Exercise brief:
Keeping every word the same, give again only the lines from the one with "So that's how" through the end of the data, both included, and leave every picture out.

Collected data:
= = = =
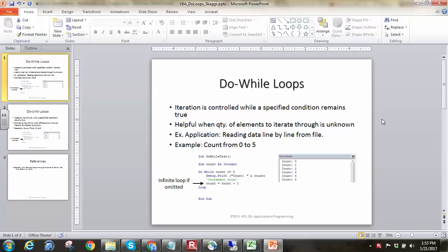Hello everyone, this is Brock Skaggs, and in this video we're going to look at a different way of iterating through things, and that is with the do loops.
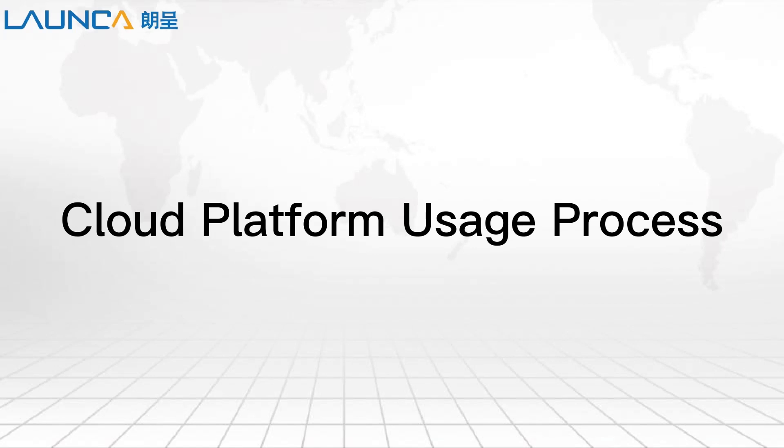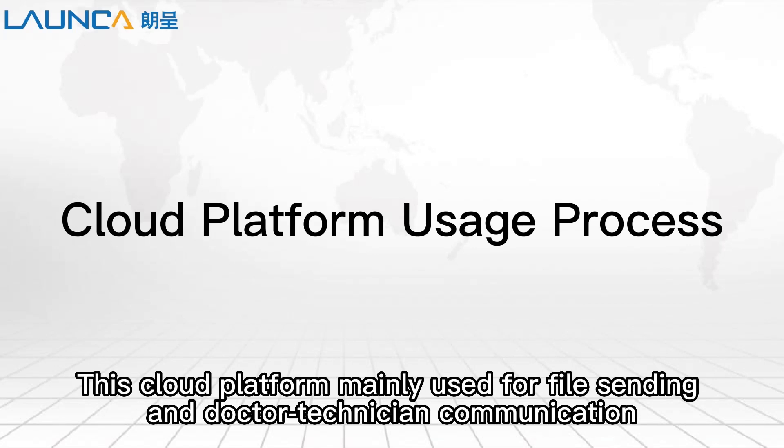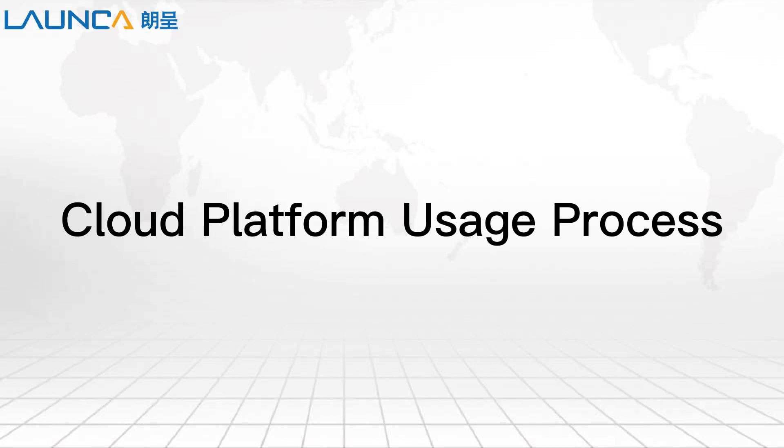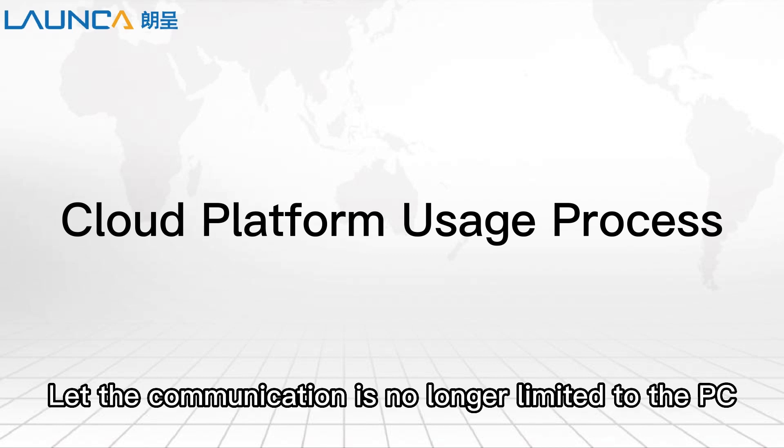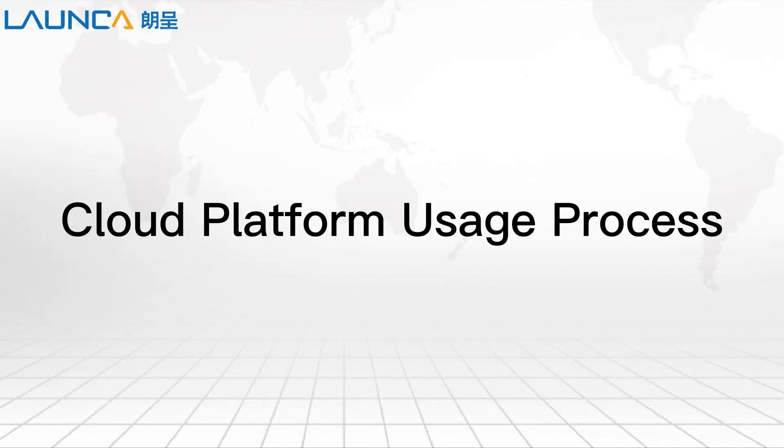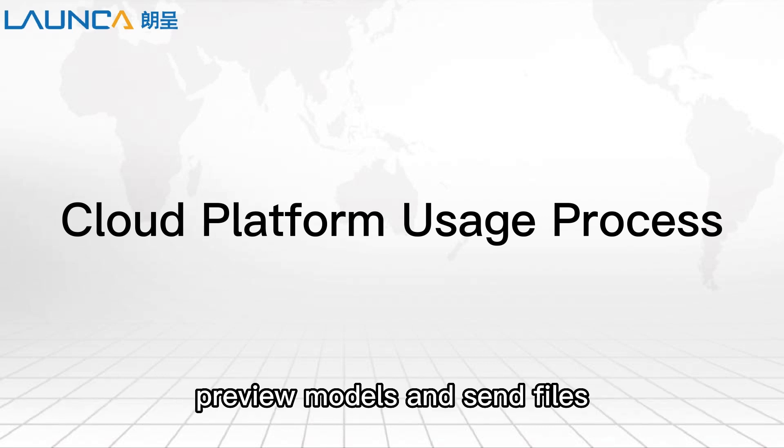This video will introduce the process of using the cloud platform. This cloud platform is mainly used for file sending and doctor-technician communication. It works the same way on mobile phone and computer. Let the communication is no longer limited to the PC, but also can be done on the mobile phone anytime and anywhere to achieve remote communication, preview models, and send files.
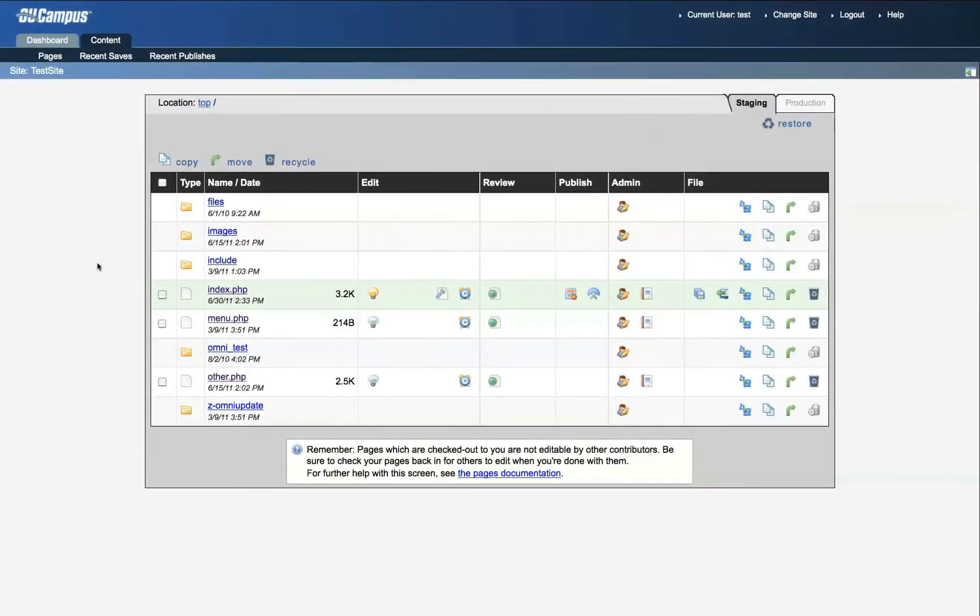This tutorial demonstrates how to create a hyperlink in an EIU webpage using OmniUpdate.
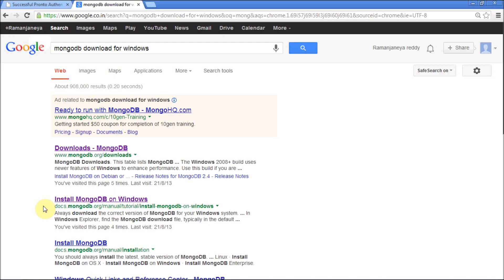Hello friends, today I am going to show you how to set up a MongoDB database server in your Windows platform. First of all, go to Google and type something like MongoDB download for Windows.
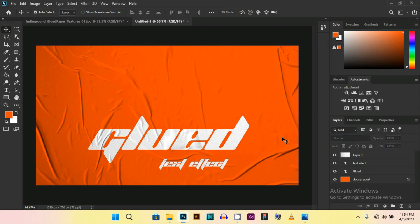This is how you can make a glue text effect. And if you really like this video, then please subscribe and press the bell icon so you can get notified whenever I upload a new video.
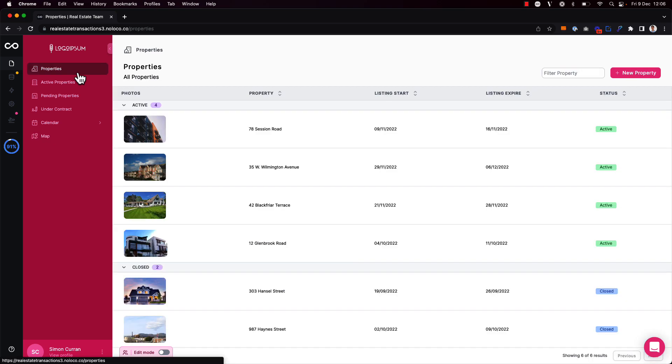So that's how you can easily group records in collection views in your NoLoco app to help your team stay organized.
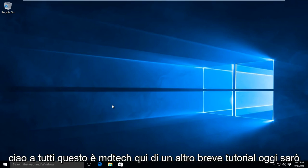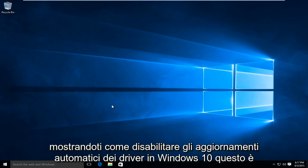Hello everyone, this is MD Tech here with another quick tutorial. Today I'll be showing you how to disable automatic driver updates in Windows 10.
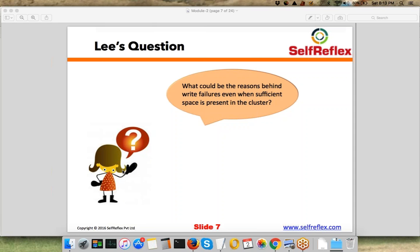Kumar is saying the name node is not taking signal from the data node. In that case, the name node will declare that data node as a dead node and remove it from the cluster. But your remaining cluster will stay up and keep functioning, so that cannot be the reason behind write failures.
= = = =
Final answer:
So that's how you can easily group records in collection views in your NoLoco app to help your team stay organized.
Hello everyone, this is MD Tech here with another quick tutorial. Today I'll be showing you how to disable automatic driver updates in Windows 10.
Kumar is saying the name node is not taking signal from the data node. In that case, the name node will declare that data node as a dead node and remove it from the cluster. But your remaining cluster will stay up and keep functioning, so that cannot be the reason behind write failures.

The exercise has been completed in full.